Brief descriptive captions:
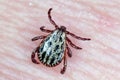 Lyme disease-carrier Ixodes tick Dermacentor marginatus on human skin.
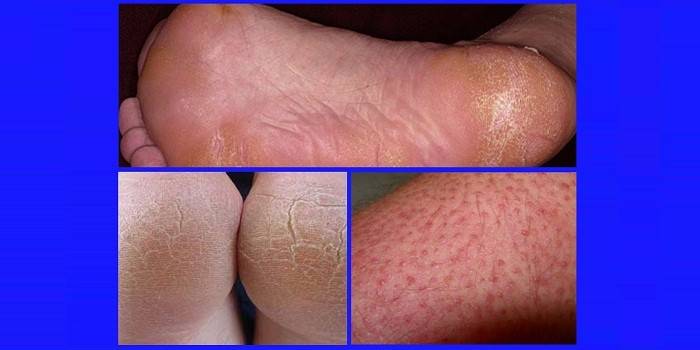 Гіперкератоз шкіри і нігтів - ознаки потовщення і ороговіння, засоби лікування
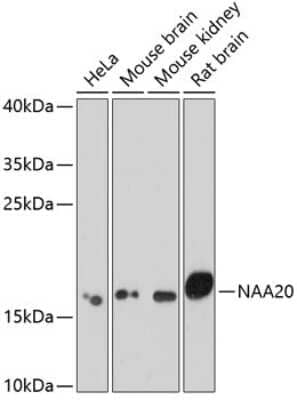 Western Blot: N acetyl transferase 5 AntibodyAzide and BSA Free [NBP2-94531]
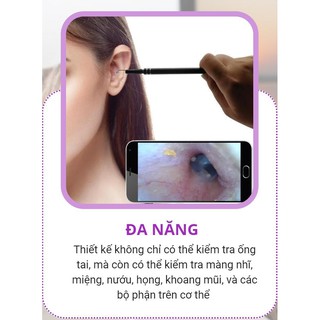 Dụng Cụ Lấy Ráy Tai có Camera Mini quan sát - King's Garden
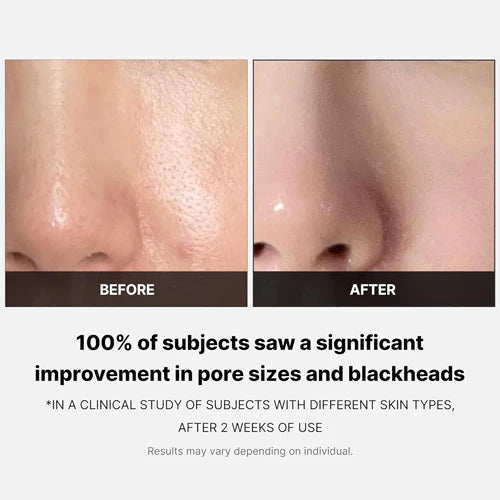 PADS ZERO PORE 70 UNIDADES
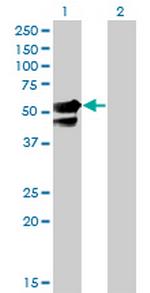 AAK1 Monoclonal Antibody (4B10)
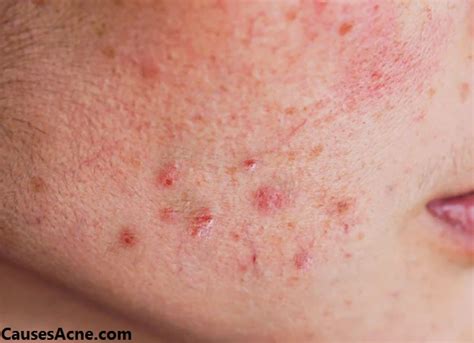 what does hormonal acne look like - Causes Acne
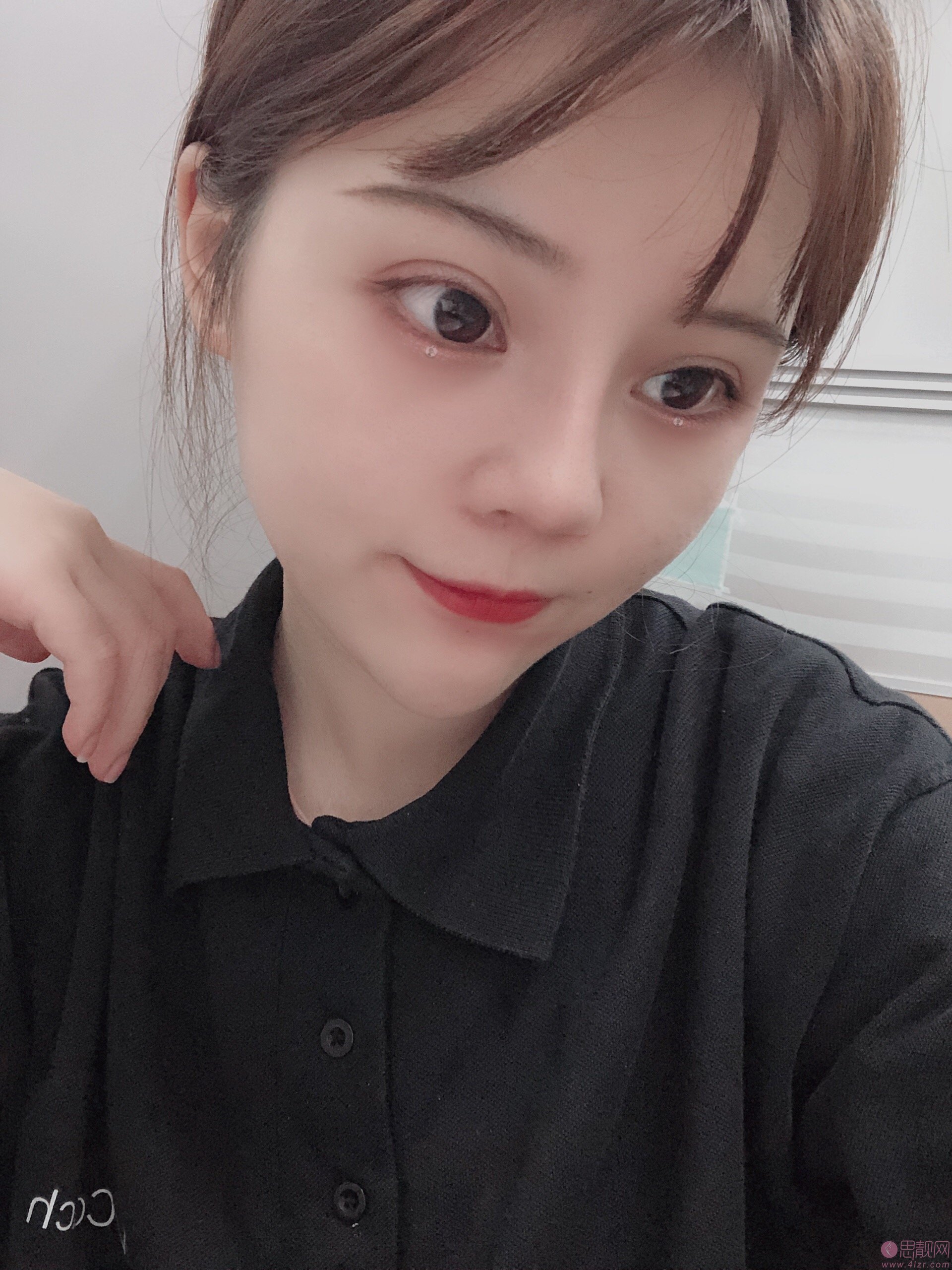 成都素美医疗美容卢元刚隆鼻怎么样？附隆鼻真人案例及2020价格表一览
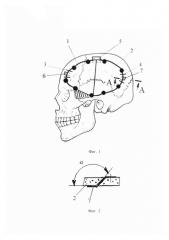 Способ створчатой трепанации черепа (патент 2640996)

* **THE PROBLEM**:
Your answer must be exactly the lines from the one with "Dụng Cụ Lấy" through the final line of the data, with no pictures in it.

* **ANSWER FOR THE TASK**:
 Dụng Cụ Lấy Ráy Tai có Camera Mini quan sát - King's Garden
 PADS ZERO PORE 70 UNIDADES
 AAK1 Monoclonal Antibody (4B10)
 what does hormonal acne look like - Causes Acne
 成都素美医疗美容卢元刚隆鼻怎么样？附隆鼻真人案例及2020价格表一览
 Способ створчатой трепанации черепа (патент 2640996)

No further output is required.